When you return the data, keep each character exactly as it appears.

Materials provided Block Start

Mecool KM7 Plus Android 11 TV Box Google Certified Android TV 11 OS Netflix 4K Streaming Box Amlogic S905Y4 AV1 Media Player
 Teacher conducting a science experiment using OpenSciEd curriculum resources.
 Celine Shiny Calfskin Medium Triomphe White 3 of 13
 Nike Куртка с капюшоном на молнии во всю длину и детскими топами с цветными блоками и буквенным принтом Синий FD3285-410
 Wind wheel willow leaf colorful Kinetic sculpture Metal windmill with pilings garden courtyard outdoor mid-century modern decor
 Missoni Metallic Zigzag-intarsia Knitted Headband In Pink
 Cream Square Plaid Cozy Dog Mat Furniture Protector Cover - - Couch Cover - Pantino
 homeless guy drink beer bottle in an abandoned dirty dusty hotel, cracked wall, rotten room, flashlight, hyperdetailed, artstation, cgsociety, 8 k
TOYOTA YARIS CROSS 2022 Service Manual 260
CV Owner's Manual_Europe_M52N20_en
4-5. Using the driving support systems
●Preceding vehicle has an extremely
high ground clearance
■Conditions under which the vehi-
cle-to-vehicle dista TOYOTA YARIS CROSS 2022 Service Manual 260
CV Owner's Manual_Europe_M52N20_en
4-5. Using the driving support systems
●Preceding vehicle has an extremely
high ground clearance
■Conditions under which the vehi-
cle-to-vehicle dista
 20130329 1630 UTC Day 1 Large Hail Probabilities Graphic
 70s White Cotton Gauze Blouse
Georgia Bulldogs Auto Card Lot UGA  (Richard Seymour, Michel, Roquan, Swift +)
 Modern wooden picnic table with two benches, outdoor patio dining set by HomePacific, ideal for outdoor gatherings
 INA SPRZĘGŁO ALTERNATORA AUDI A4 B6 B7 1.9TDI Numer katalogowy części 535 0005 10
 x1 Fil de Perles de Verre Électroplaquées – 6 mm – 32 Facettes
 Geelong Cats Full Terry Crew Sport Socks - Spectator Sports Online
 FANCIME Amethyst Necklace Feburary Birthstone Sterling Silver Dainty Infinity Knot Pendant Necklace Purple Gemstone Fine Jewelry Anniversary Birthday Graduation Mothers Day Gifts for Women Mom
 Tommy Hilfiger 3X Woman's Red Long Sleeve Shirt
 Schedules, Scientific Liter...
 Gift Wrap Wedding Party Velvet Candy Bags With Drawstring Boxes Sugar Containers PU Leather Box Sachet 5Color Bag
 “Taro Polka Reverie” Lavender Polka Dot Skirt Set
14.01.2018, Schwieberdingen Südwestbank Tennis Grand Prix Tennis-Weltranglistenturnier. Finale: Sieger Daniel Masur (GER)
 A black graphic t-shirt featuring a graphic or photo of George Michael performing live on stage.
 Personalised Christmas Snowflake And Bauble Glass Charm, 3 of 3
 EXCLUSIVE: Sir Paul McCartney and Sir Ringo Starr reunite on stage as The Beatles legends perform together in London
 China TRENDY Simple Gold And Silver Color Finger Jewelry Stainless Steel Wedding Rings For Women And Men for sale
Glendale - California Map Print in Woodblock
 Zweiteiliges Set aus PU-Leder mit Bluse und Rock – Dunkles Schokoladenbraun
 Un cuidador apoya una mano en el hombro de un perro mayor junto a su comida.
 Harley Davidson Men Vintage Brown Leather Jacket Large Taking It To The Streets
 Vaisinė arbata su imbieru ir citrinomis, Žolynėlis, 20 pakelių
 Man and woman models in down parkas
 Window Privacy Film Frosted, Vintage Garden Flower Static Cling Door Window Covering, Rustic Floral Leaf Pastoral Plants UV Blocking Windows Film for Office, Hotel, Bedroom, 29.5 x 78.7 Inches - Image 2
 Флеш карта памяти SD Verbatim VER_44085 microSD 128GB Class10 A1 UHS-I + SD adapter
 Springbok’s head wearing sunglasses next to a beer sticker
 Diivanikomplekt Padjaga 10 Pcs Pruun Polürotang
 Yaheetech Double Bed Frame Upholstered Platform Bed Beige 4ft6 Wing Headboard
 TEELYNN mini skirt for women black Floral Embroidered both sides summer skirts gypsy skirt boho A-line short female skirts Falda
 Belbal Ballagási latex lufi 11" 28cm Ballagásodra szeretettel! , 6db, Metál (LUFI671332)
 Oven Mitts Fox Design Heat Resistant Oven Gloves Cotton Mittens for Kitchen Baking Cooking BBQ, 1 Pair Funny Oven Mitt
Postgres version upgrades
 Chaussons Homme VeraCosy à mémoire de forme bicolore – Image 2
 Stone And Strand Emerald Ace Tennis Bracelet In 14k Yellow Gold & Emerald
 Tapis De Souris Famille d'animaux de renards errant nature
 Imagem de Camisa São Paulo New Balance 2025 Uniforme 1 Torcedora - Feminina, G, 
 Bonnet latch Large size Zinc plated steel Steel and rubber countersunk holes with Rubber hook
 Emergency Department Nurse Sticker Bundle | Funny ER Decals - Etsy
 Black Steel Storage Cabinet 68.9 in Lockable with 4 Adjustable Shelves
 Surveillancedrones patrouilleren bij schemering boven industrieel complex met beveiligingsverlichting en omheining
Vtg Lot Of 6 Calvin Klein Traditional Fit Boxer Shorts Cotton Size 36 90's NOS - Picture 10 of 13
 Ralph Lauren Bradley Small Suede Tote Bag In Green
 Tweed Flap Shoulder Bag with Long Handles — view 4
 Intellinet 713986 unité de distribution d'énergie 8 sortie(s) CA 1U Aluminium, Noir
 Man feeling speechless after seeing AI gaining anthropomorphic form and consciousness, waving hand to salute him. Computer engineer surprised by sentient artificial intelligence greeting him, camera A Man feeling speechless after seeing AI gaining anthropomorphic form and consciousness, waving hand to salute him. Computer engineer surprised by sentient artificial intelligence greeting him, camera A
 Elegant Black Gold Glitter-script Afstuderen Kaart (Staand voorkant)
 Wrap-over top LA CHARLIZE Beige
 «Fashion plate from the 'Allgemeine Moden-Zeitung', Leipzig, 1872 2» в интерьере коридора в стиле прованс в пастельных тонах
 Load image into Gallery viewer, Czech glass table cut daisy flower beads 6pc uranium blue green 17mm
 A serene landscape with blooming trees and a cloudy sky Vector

Materials provided Block End

▸ **Your response**:
Mecool KM7 Plus Android 11 TV Box Google Certified Android TV 11 OS Netflix 4K Streaming Box Amlogic S905Y4 AV1 Media Player
 Teacher conducting a science experiment using OpenSciEd curriculum resources.
 Celine Shiny Calfskin Medium Triomphe White 3 of 13
 Nike Куртка с капюшоном на молнии во всю длину и детскими топами с цветными блоками и буквенным принтом Синий FD3285-410
 Wind wheel willow leaf colorful Kinetic sculpture Metal windmill with pilings garden courtyard outdoor mid-century modern decor
 Missoni Metallic Zigzag-intarsia Knitted Headband In Pink
 Cream Square Plaid Cozy Dog Mat Furniture Protector Cover - - Couch Cover - Pantino
 homeless guy drink beer bottle in an abandoned dirty dusty hotel, cracked wall, rotten room, flashlight, hyperdetailed, artstation, cgsociety, 8 k
TOYOTA YARIS CROSS 2022 Service Manual 260
CV Owner's Manual_Europe_M52N20_en
4-5. Using the driving support systems
●Preceding vehicle has an extremely
high ground clearance
■Conditions under which the vehi-
cle-to-vehicle dista TOYOTA YARIS CROSS 2022 Service Manual 260
CV Owner's Manual_Europe_M52N20_en
4-5. Using the driving support systems
●Preceding vehicle has an extremely
high ground clearance
■Conditions under which the vehi-
cle-to-vehicle dista
 20130329 1630 UTC Day 1 Large Hail Probabilities Graphic
 70s White Cotton Gauze Blouse
Georgia Bulldogs Auto Card Lot UGA  (Richard Seymour, Michel, Roquan, Swift +)
 Modern wooden picnic table with two benches, outdoor patio dining set by HomePacific, ideal for outdoor gatherings
 INA SPRZĘGŁO ALTERNATORA AUDI A4 B6 B7 1.9TDI Numer katalogowy części 535 0005 10
 x1 Fil de Perles de Verre Électroplaquées – 6 mm – 32 Facettes
 Geelong Cats Full Terry Crew Sport Socks - Spectator Sports Online
 FANCIME Amethyst Necklace Feburary Birthstone Sterling Silver Dainty Infinity Knot Pendant Necklace Purple Gemstone Fine Jewelry Anniversary Birthday Graduation Mothers Day Gifts for Women Mom
 Tommy Hilfiger 3X Woman's Red Long Sleeve Shirt
 Schedules, Scientific Liter...
 Gift Wrap Wedding Party Velvet Candy Bags With Drawstring Boxes Sugar Containers PU Leather Box Sachet 5Color Bag
 “Taro Polka Reverie” Lavender Polka Dot Skirt Set
14.01.2018, Schwieberdingen Südwestbank Tennis Grand Prix Tennis-Weltranglistenturnier. Finale: Sieger Daniel Masur (GER)
 A black graphic t-shirt featuring a graphic or photo of George Michael performing live on stage.
 Personalised Christmas Snowflake And Bauble Glass Charm, 3 of 3
 EXCLUSIVE: Sir Paul McCartney and Sir Ringo Starr reunite on stage as The Beatles legends perform together in London
 China TRENDY Simple Gold And Silver Color Finger Jewelry Stainless Steel Wedding Rings For Women And Men for sale
Glendale - California Map Print in Woodblock
 Zweiteiliges Set aus PU-Leder mit Bluse und Rock – Dunkles Schokoladenbraun
 Un cuidador apoya una mano en el hombro de un perro mayor junto a su comida.
 Harley Davidson Men Vintage Brown Leather Jacket Large Taking It To The Streets
 Vaisinė arbata su imbieru ir citrinomis, Žolynėlis, 20 pakelių
 Man and woman models in down parkas
 Window Privacy Film Frosted, Vintage Garden Flower Static Cling Door Window Covering, Rustic Floral Leaf Pastoral Plants UV Blocking Windows Film for Office, Hotel, Bedroom, 29.5 x 78.7 Inches - Image 2
 Флеш карта памяти SD Verbatim VER_44085 microSD 128GB Class10 A1 UHS-I + SD adapter
 Springbok’s head wearing sunglasses next to a beer sticker
 Diivanikomplekt Padjaga 10 Pcs Pruun Polürotang
 Yaheetech Double Bed Frame Upholstered Platform Bed Beige 4ft6 Wing Headboard
 TEELYNN mini skirt for women black Floral Embroidered both sides summer skirts gypsy skirt boho A-line short female skirts Falda
 Belbal Ballagási latex lufi 11" 28cm Ballagásodra szeretettel! , 6db, Metál (LUFI671332)
 Oven Mitts Fox Design Heat Resistant Oven Gloves Cotton Mittens for Kitchen Baking Cooking BBQ, 1 Pair Funny Oven Mitt
Postgres version upgrades
 Chaussons Homme VeraCosy à mémoire de forme bicolore – Image 2
 Stone And Strand Emerald Ace Tennis Bracelet In 14k Yellow Gold & Emerald
 Tapis De Souris Famille d'animaux de renards errant nature
 Imagem de Camisa São Paulo New Balance 2025 Uniforme 1 Torcedora - Feminina, G, 
 Bonnet latch Large size Zinc plated steel Steel and rubber countersunk holes with Rubber hook
 Emergency Department Nurse Sticker Bundle | Funny ER Decals - Etsy
 Black Steel Storage Cabinet 68.9 in Lockable with 4 Adjustable Shelves
 Surveillancedrones patrouilleren bij schemering boven industrieel complex met beveiligingsverlichting en omheining
Vtg Lot Of 6 Calvin Klein Traditional Fit Boxer Shorts Cotton Size 36 90's NOS - Picture 10 of 13
 Ralph Lauren Bradley Small Suede Tote Bag In Green
 Tweed Flap Shoulder Bag with Long Handles — view 4
 Intellinet 713986 unité de distribution d'énergie 8 sortie(s) CA 1U Aluminium, Noir
 Man feeling speechless after seeing AI gaining anthropomorphic form and consciousness, waving hand to salute him. Computer engineer surprised by sentient artificial intelligence greeting him, camera A Man feeling speechless after seeing AI gaining anthropomorphic form and consciousness, waving hand to salute him. Computer engineer surprised by sentient artificial intelligence greeting him, camera A
 Elegant Black Gold Glitter-script Afstuderen Kaart (Staand voorkant)
 Wrap-over top LA CHARLIZE Beige
 «Fashion plate from the 'Allgemeine Moden-Zeitung', Leipzig, 1872 2» в интерьере коридора в стиле прованс в пастельных тонах
 Load image into Gallery viewer, Czech glass table cut daisy flower beads 6pc uranium blue green 17mm
 A serene landscape with blooming trees and a cloudy sky Vector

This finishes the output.